Friday, July 27, 2018

Design Space in Fiction

Growing up, one of my favourite card games was Magic: the Gathering. Wizards of the Coast lead designer Mark Rosewater has a fantastically written column, Making Magic, that goes into the details of what it takes to create Magic cards. With their endless permutations and their medieval-ish fantasy themes, Magic cards have a lot in common with fiction books.

One of my favourite concepts Rosewater explores in Making Magic is something called "design space".

In short, design space is what hasn't been done within a specific medium but that is a logical offshoot from what is currently available. It's the innovation that fills in the gaps. For example, if the first two Magic cards ever printed had been a red creature with 1 power and a red creature with 3 power, "red creature with 2 power" becomes an obvious card design.

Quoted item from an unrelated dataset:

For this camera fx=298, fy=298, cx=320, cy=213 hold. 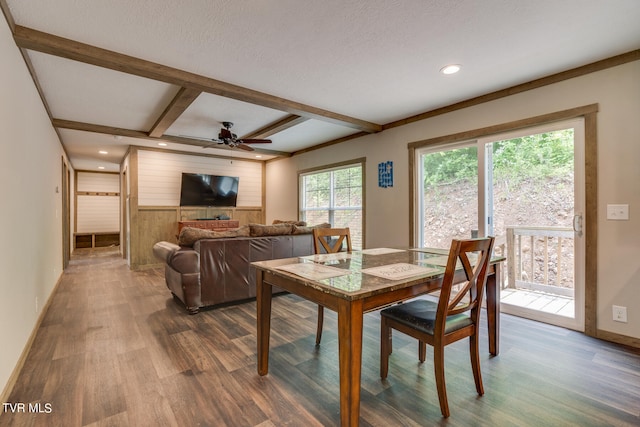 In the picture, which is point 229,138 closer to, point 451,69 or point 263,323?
point 451,69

How does this relate to fiction?
  • Substantial portions of fiction, especially genre fiction, are effectively fictional adaptations of non-fictional subjects. Historical fiction adapts history. Most science fiction adapts physics, chemistry or engineering. Didactic instructional tales frequently adapt religion or philosophy.
    • Which other subjects can be adapted? I've been doing this with diplomatic history. political science, industrial relations and economics in my upcoming novel, Burning Clouds. By digging deeper into these less-mined fields, I'm using design space.
  • Related concepts can be substituted for each other. For example, houses can be made of wood instead of bricks. Positive: houses can be built faster. Negative: wildfires are suddenly terrifying. In fiction, this usually occurs more as "what if dragons breathed ice instead of fire?" or "what if people had flying cars instead of... non-flying cars?"
    • I explore this concept in depth when discussing the replacement of fantasy-style magic with mysticism. To ape my above example, Positive: characters have greater reliance on technology, precluding Harry Potter-style wizard luddite-ism. Negative: battle scenes become less Tigana and more "let's scope out our enemies from a mile away and then lob artillery shells at them". I'm thankful I write such good diplomatic conference scenes.
  • Fiction often borrows from other media. The possibilities here are endless. Borrowing from modernist literary theory? Why not also borrow from modernist architecture?
    • I've done this in coining the term "literary hyperrealism". By combining Henry James-style realism, which I've been reading for years, with influences from hyperrealist painting, I've been working on a style (or is it a genre?) in which the action follows the characters so closely the reader can feel every breath, twitch or drop of sweat. See this post and this Quora answer for more.
Once you start thinking of established genres as hollow rather than solid, or as frames rather than as buildings, you can start filling in the gaps. Rather than describe someone else's world, you can squeeze into that spot within a genre, or between genres, to create your own.